* [Data to examine]
=== Begin Enclosure ===
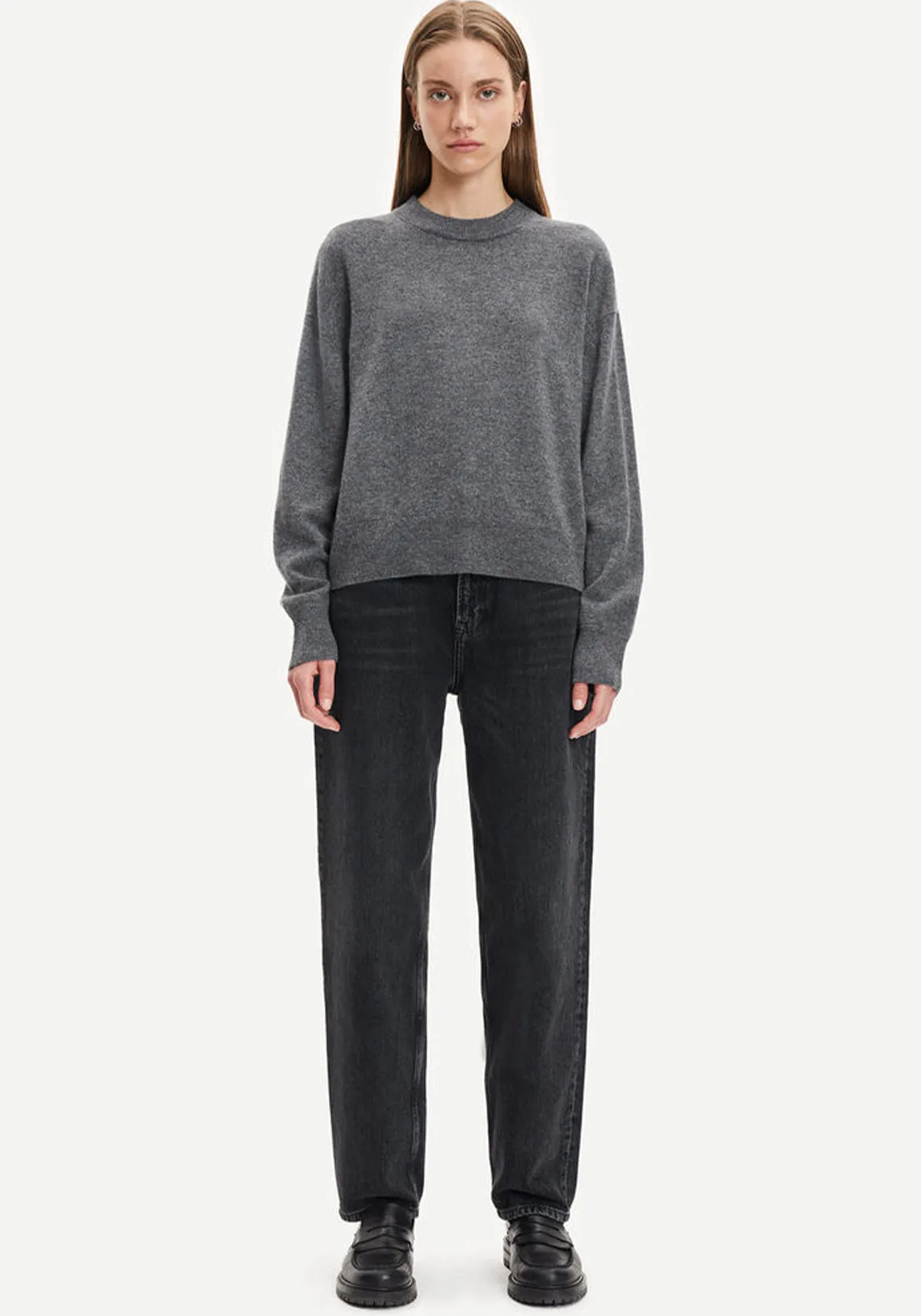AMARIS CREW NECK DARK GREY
=== End Enclosure ===
=== Begin Enclosure ===
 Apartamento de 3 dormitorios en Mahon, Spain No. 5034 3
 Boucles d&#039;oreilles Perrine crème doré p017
=== End Enclosure ===
* [Work to be completed]
Output the material above exactly, but only from the line that carries "Apartamento de 3" through the line that carries "Boucles d&#039;oreilles Perrine".

* [Solution for this task]
 Apartamento de 3 dormitorios en Mahon, Spain No. 5034 3
 Boucles d&#039;oreilles Perrine crème doré p017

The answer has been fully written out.